The New Mexico Oil and Gas Association argued in its filed exhibits that the Oil Conservation Commission doesn’t have the authority to require operators to “wave their claims of trade secret.”
In its own rulemaking amendment proposal, NMOGA said it supports requiring operators to certify with the commission “that no intentionally added PFAS were used in their hydraulic fracturing operations,” a practice also known as fracking.
However, the state’s Oil Conservation Division doesn’t agree with the term “intentionally added” because it could create situations where the state has to litigate operator responsibility.
“For example, if a third party adds PFAS but doesn’t tell the operator, or the operator doesn’t make the third party certify it, the operator could state they didn’t know about it, so it wasn’t intentional on their part,” OCD explained as part of its modification reasoning.
The division compromised with a proposal that operators should file a certification that no PFAS chemicals were added to the fluid used in completing or recompleting a well.
Another big point of contention is defining what exactly PFAS is, which would impact exactly how many chemicals could be part of a ban or reporting requirements.
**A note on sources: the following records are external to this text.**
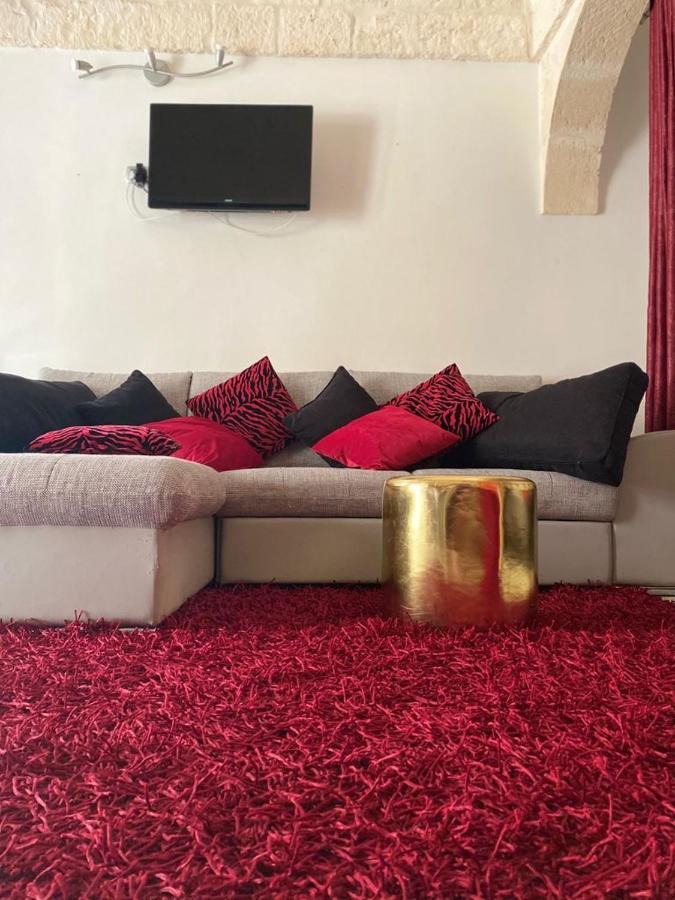Buze Rodriguez Suite Ostuni Exterior foto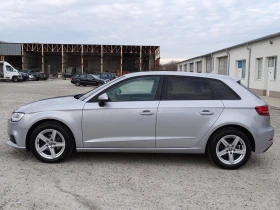 Audi A3 1.6 TDI FACELIFT S TRONIC КСЕНОН НАВИГАЦИЯ - 25900 лв. - 79237824 | Car24.bg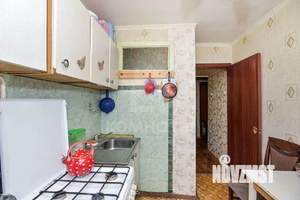 2-к квартира, вторичка, 47м2, 5/5 этаж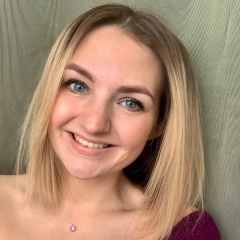 Светлана Шихалеева, 04.06.1990, Сургут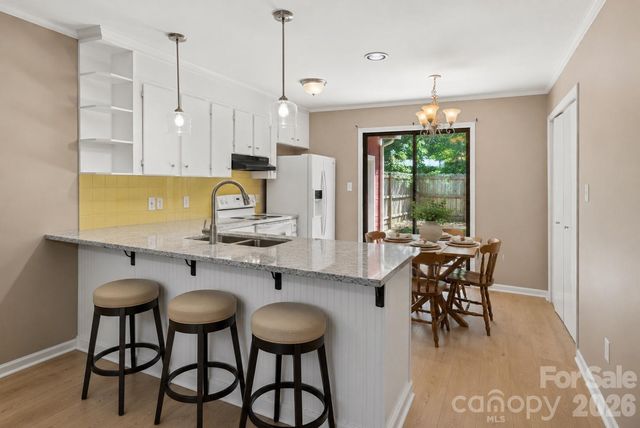 137 Glenwood Drive D, Rock Hill, SC 29732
The Oil Conservation Commission doesn’t currently define PFAS in the rulemaking being considered, and WildEarth Guardians proposed defining it as perfluoroalkyl and polyfluoroalkyl substances that are a class of fluorinated organic chemicals containing at least one fully fluorinated carbon atom — the broadest proposal suggested.
NMOGA proposed a much more narrow definition: a perfluoroalkyl or polyfluoroalkyl substance with two or more sequential fully fluorinated carbon atoms.
The Oil Conservation Division met somewhere in the middle of the two organizations. Its definition lists PFAS as any chemical with at least perfluorinated methyl group or a perfluorinated methylene group, excluding those with a hydrogen, chlorine, bromine or iodine atom attached to the subject carbon atom.
Moving forward, the Oil Conservation Commission — a separate entity from the Oil Conservation Division — will send transcriptions of the hearing proceedings to all involved parties, at which point they need to submit final written arguments. There’s no set deadline for that, according to an EMNRD spokesperson.
Once the written arguments are in, the commission deliberates. There’s also no deadline for that.
The earliest the commission will make a decision is the first quarter of 2025, according to EMNRD.
“I think that the commission will probably do the right thing in the case,” Nanasi told the Journal earlier this week. She also said the commission wouldn’t let her interview NMOGA’s expert witnesses on the record about their work with GSI Environmental Inc., which Nanasi believes is a conflict because it serves oil and gas and chemical companies.
NMOGA has repeatedly argued it supports a science-based ban on PFAS in oil and gas. Missi Currier, president and CEO of the association, sent an email statement to the Journal again expressing that. NMOGA didn’t respond to questions about the credibility allegations of its expert witnesses.
“(NMOGA) has supported this ban since WildEarth first proposed it,” Currier said. “Any allegations to the contrary are not only meritless but also a baseless attempt from certain organizations to detract from the truth, which is that NMOGA has and will continue to support a ban on PFAS in oil and gas operations.”
Editor's note 11/25 1 p.m.: This article has been updated to reflect which PFAS definitions are more broad or narrow.